The thoughts of Matt Olson, a systems thinker, hacker, and social entrepreneur, on retooling consumer culture

The Dirty Kids


The increasing size of the homeless population downtown has become a hot button political issue for Chico, and one that divides the candidates for the City Council election tomorrow. At the League of Women Voters forum on October 15th, I saw two very distinct points of view represented.
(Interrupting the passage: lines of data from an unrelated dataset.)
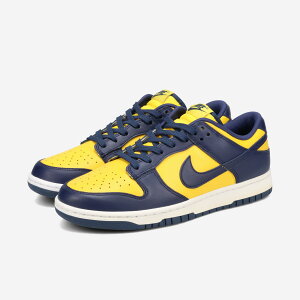 NIKE DUNK LOW RETRO yMICHIGANz iCL _N [ g VARSITY MAIZE/MIDNIGHT NAVY/WHITE dd1391-700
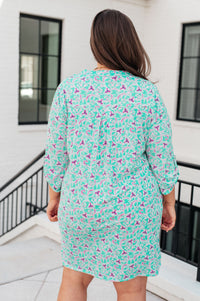 Hazel Blues® |  Lizzy Dress in Mint and Magenta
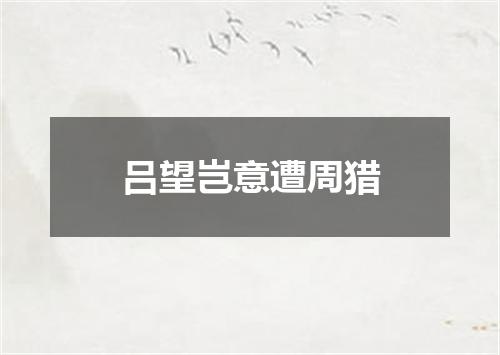 吕望岂意遭周猎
The first was best illustrated by the comments of Sean Morgan, perhaps the most plain spoken conservative of the group advocating for new laws against objectionable behavior. In response to a question about what the city should do about the homeless “situation” downtown, Mr. Morgan replied, “My take is to give the police department the tools it needs—the misdemeanor vagrancy and panhandling laws they’ve asked the council for before and been denied. We have terrific resources for the disabled—the Jesus Center, the Torres Center, that help people get traction as long as they’re making progress, and they do a great job. To the others, I would like Chico to send a clear message, if you want to come to Chico to learn, add value and make progress, you’re welcome here, but if you’re here solely to party or bask endlessly in the generosity of our nonprofits, we ask that you move along.” That’s how you say “run ‘em out of town, boys” in 2012. The audience reacted with hushed gasps of shock on one side and beaming pride on the other.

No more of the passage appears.